Directions: Once you find the line with "en #ModoVanVan! 🚂💃⭐️" in the entries below, return exactly every line from it through the line with "#CubaTravel https://t.co/wcfTTRbEAx".

(Material provided begins)

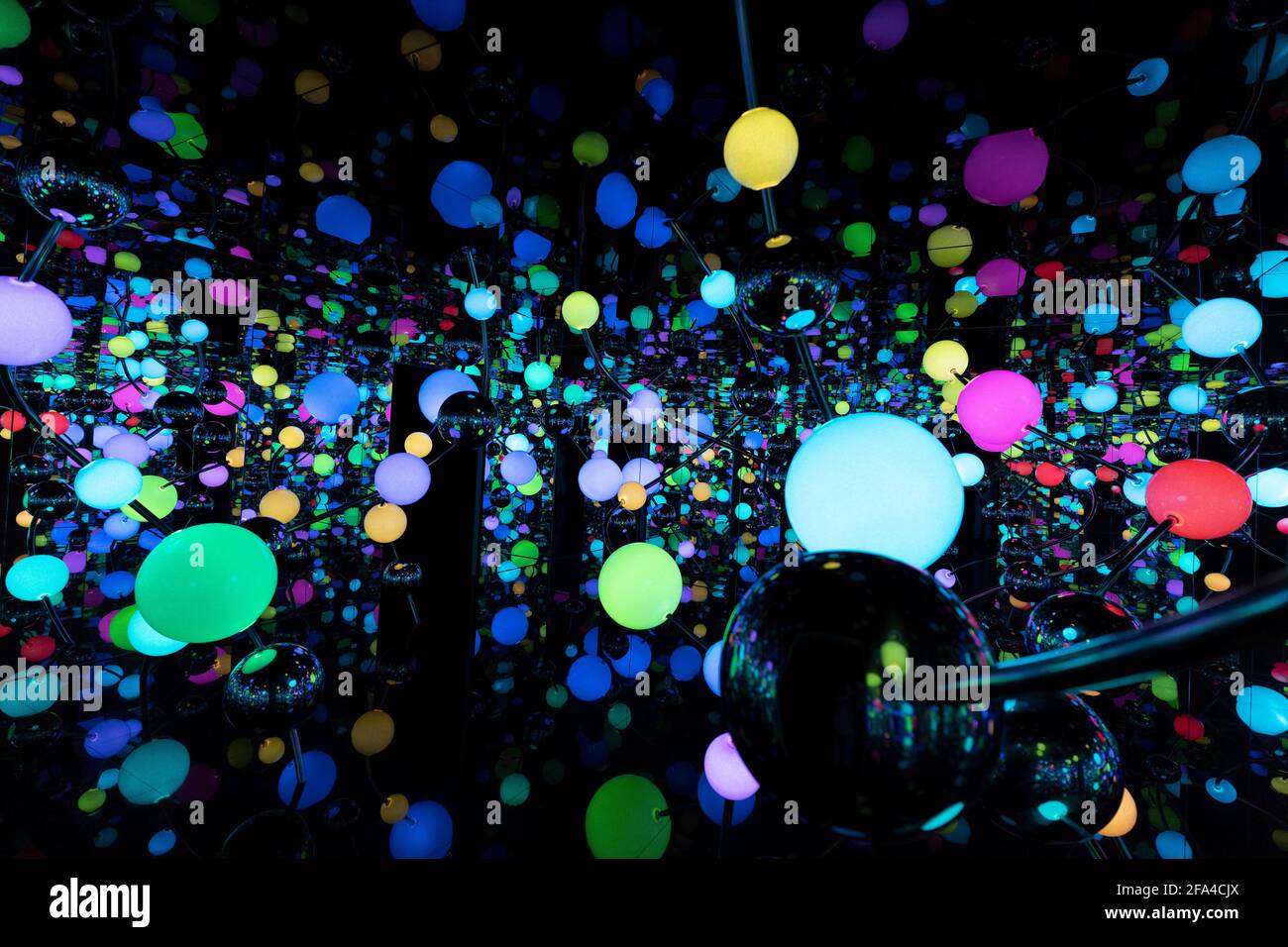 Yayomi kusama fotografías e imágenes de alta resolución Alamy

(Material provided ends)
(Material provided begins)

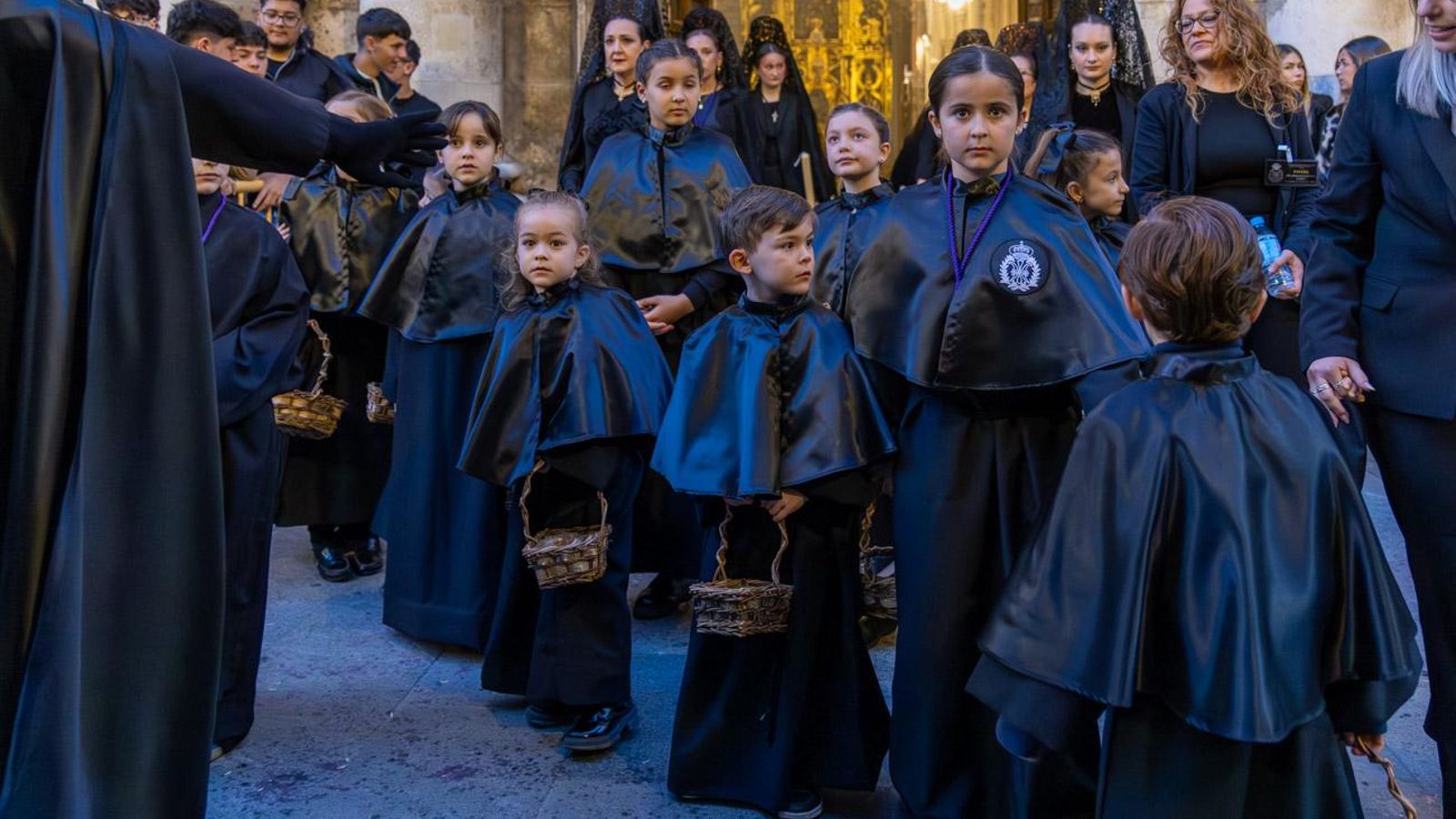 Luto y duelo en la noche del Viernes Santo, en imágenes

(Material provided ends)
(Material provided begins)

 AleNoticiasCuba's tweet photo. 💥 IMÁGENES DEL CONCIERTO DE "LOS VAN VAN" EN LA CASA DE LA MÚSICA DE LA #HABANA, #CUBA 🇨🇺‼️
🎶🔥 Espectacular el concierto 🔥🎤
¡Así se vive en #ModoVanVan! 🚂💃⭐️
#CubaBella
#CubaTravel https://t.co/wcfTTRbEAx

(Material provided ends)

Exercise solution:
¡Así se vive en #ModoVanVan! 🚂💃⭐️
#CubaBella
#CubaTravel https://t.co/wcfTTRbEAx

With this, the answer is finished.